This week, the Innovation, Tourism Development and Environment Committee tabled its report into the proposed Waste Reduction and Recycling (Waste Levy) and Other Legislation Amendment Bill 2018. The Bill introduces a waste levy that will commence on 4 March 2019 and be set at $70 per tonne of general waste sent to landfill, increasing to $150 per tonne for Category 1 regulated wastes. It will include 38 local government areas and cover 90% of Queensland’s population. Disappointingly, despite valuable input from stakeholders including industry participants and councils about genuine concerns with aspects of the new Waste Levy design, the Committee recommended that the Bill be passed unchanged.
This new tax will make waste disposal more expensive for all businesses including Queensland’s agricultural sector. QFF has repeatedly raised concerns about the lack of awareness of the impacts this new tax will have on waste generators and businesses, particularly farmers who are unable to pass on the increased operating costs.
QFF has also raised concerns about the likelihood of increased illegal dumping – on both public and private land. Farmland provides opportunities for unscrupulous operators to avoid landfill fees and the levy by illegally dumping waste, leaving the landowner to not only to pay for the clean-up costs but the levy as well in the prescribed local government areas. Yet these impacts have not been properly addressed or costed by decision-makers.

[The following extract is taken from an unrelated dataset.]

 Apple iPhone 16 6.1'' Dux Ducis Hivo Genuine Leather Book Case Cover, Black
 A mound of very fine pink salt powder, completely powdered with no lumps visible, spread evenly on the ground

While the Department of Environment and Science and the Committee supported QFF’s position on higher penalties for illegal dumping offences, the provisions in the Bill do not go far enough and are meaningless where the polluter cannot be identified. The Bill still falls short in some critical areas for farmers, and QFF calls on government to implement a strengthened policy and an enforced regulatory framework to ensure that landowners are not the victims of illegally dumped waste; and where illegal dumping does occur, they do not bear the levy costs.